Çölde, gökyüzüne gitmeye hazır mısınız? Kulaklarınıza garip geldi, değil mi? Haydi, hazırlanın Fas’a gidiyoruz.

Fas, aralarında Cezayir, Moritanya ve Tunus ve Libya’nın da bulunduğu ‘Mağrib’ bölgesinin en önemli ve en batı ülkesi. Arapçada, batı anlamında kullanılan ‘Mağrib’ kelimesi, Mekke merkez alındığında en batıda kalan demek oluyor ve islam coğrafyasında önemli bir yere sahip.

Afrika’nın en kuzey ucunda Arap ve Berberi’lerin ağırlıkta olduğu bir bölge burası. Tarihi ve coğrafi büyük öneme sahip. İngilizce ve birçok batı dilinde ‘Marakeş’ şehri ‘Morocco’ olarak geçmekte, Türkçede ise ‘Fez’ kentinden gelen ve dilimize yakınlaştırılmış haliyle ‘Fas’ olarak geçmiş durumda.

Fas, popüler kültürde adını en büyük ve ünlü şehri ‘Kazablanka’ duyurmuş durumda. Sinema tarihinin unutulmaz filmlerinden biri olan ve şehirle aynı adı taşıyan filmin ismi sayesinde şehir ününe ün katmış. Marakeş, Fez ve Kazablanka’dan sonra bilinen en büyük şehri Atlas okyanusu kıyısında ki ‘Rabat.’

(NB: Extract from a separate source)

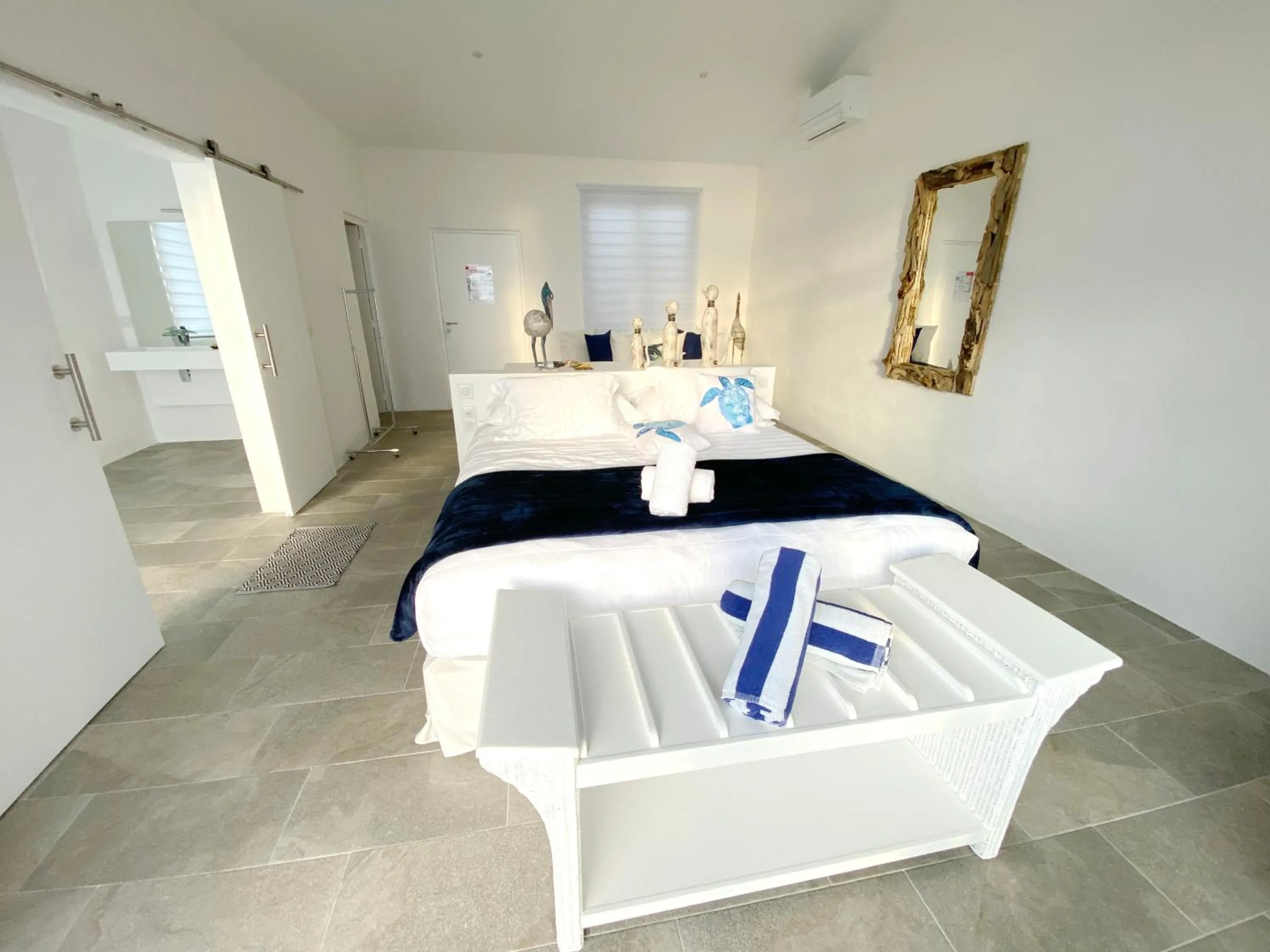 Deluxe Suite with Sea View in Ninamu Pearl Guest House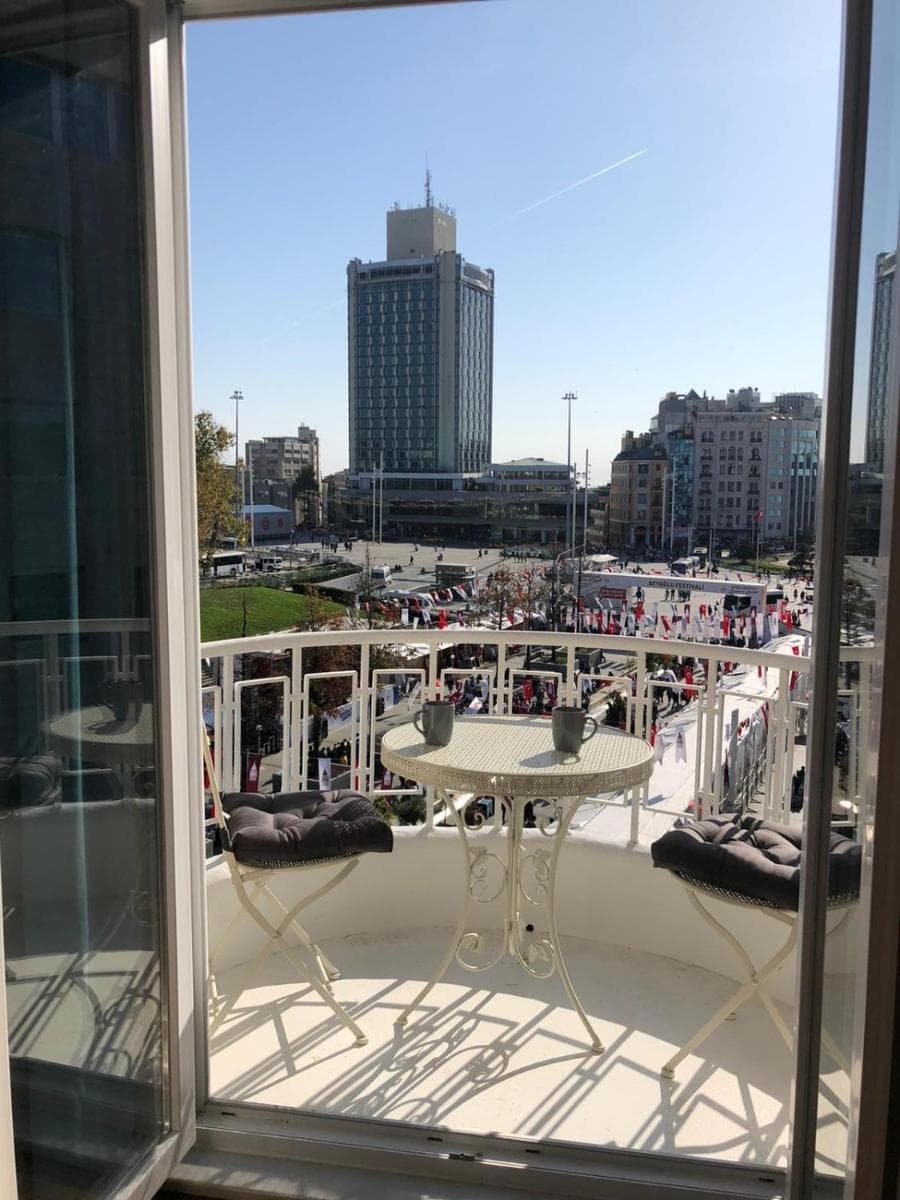 Great View of Taksim Square, Luxury Furnished on Main Street of Taksim, Partial Sea View fotoğrafı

Tarık bin Ziyad’ın Akdeniz ve Atlas okyanusunu birleştiren sonra kendi adıyla anılmaya başlanacak olan Cebel-i Tarık boğazını aşıp karşı tarafa geçmesiyle başlayan ve İslam medeniyetinin kurulmasını sağlayan topraklar burası.

Fas, yolculuğumuza çıkmadan önce hakkında birçok kitap okuduk ama öyle bir kaç ve bir kaç bilgi sahibi olunacak bir yer değil bu topraklar, gerçekten görmek, havasını solumak ve yaşamak gerekiyor. Mesela, ‘Endülüs bölgesi, ‘Mağrib’ bölgesine göre daha çok biliniyor, bizim içinde öyleydi açıkçası gidip görmeden önce hiç bir bilgimiz ve fikrimiz yoktu.

Bölge çok sıcakkanlı insanlara sahip, hiç yabancılık çekmiyorsunuz, hatta bazen Faslı olduğumuzu sanıp bizimle Arapça konuşmaya çalışan insanlara rastladık.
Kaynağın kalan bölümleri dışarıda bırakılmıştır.